Canadian dividend-growth stocks don’t go on sale often. Many smart investors have them at the very top of their watchlists, and they’re ready to bounce given the opportunity.
At this juncture, there are quite a few intriguing options to check out, as signs point to a potential economic slowdown by the conclusion of 2024. Is another recession coming in Canada?
It’s impossible to tell. Regardless, I think the economy is looking on steady footing today, and it would have to take a big negative surprise to put in on wobbly legs within the next year.
Undoubtedly, the inverted yield curve in the states is a big concern. It’s not always right, but it’s really accurate as far as indicators go. Given Canada tends to follow in the footsteps of our friends south of the border, I’d argue that it’s not a bad idea to ramp up your portfolio’s defences with dividend payers, value names, and the top dividend-growth stocks.
Now, the highest-quality dividend growers tend to sport heftier valuation multiples, given their track records. That’s why waiting for dips induced by a broader weakening of market sentiment can be a wise idea that can help you outperform the broader TSX Index over the long haul.
Consider CN Rail (TSX:CNR)(NYSE:CNI) and TD Bank (TSX:TD)(NYSE:TD), two very high-quality dividend-growth stocks that slipped into (near) correction over the past few months. At writing, shares of CNR and TD are sitting down around 9% and 12.5%, respectively, off their recent highs.
CN Rail
CN Rail is the railway to riches for many long-term investors who’ve made a considerable amount of wealth off of the growing dividend. With rail stocks taking one to the chin in recent weeks, I’d look very closely at a name like CNR.

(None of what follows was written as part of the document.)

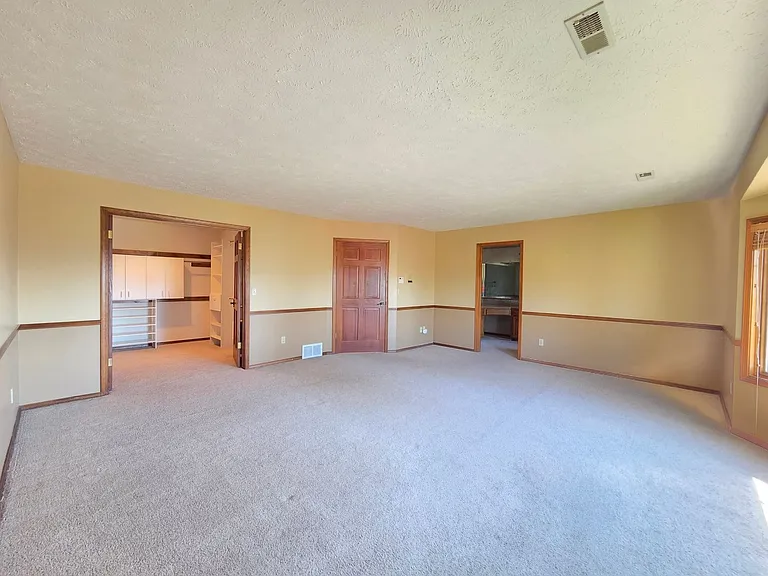 7706 E Woodview Dr — Photo 20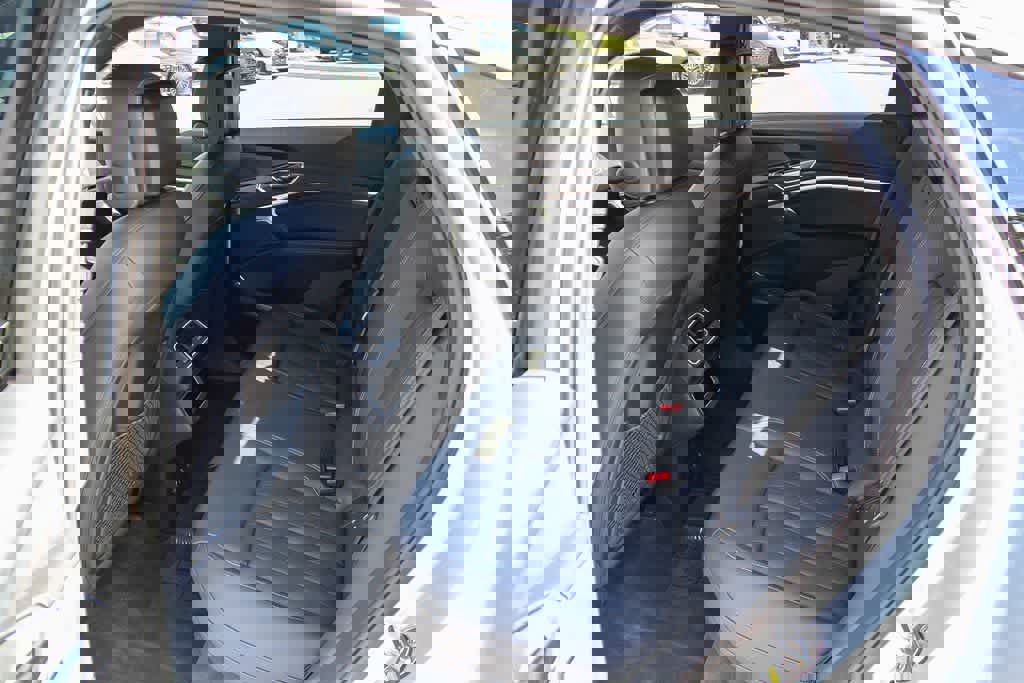 Used 2023 Audi e-tron Premium Plus w/ Premium Plus Package image 14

Yes, CN is an economically sensitive play, and with increased chances of slipping into a recession, CN stock seems like a name to throw in the towel on. That’s a big mistake. Why? CNR is far more durable than most would think. It plays a huge role in powering the Canadian economy. Without it, Canada would probably have a tough time posting positive GDP numbers.
Indeed, CN’s strikes have hurt the Canadian economy, a testament to the importance of the national railway. After slipping 9% over the last few weeks, I’d look to buy, even as others get more pessimistic. The company has a new CEO that could pull the lever on efficiencies and take the relatively sluggish railway to the next level.
CN is a great business, and its dividend is poised to grow through another year of inflation and economic uncertainty.
TD Bank
Despite benefiting from higher interest rates, TD Bank stock has fallen into correction just weeks after it announced its acquisition of First Horizon Bank.
Undoubtedly, higher rates have been baked in for well over a year now. It was just a matter of time before the hot bank stock cooled off. Still, I think concerns over slowing economic growth are overblown. Yes, a recession is likelier now that the Fed has its hands over the rate hike button. But is it the likeliest scenario?
Probably not. If there’s no recession and loan growth remains robust, TD will be hard to keep lower, as earnings surge. The stock goes for 11.8 times trailing earnings, which, I believe, makes no sense, given the capabilities of this bank and the potential for the environment ahead to be better than what many investors today are expecting!
TD will keep on growing its dividend, even if a recession hits Canada and the United States. Once the worst is in, though, TD stock could be among the first to recover, leaving dip buyers a brief window to load up. My takeaway? Buy and hold for decades at a time and enjoy the dividend growth as it comes.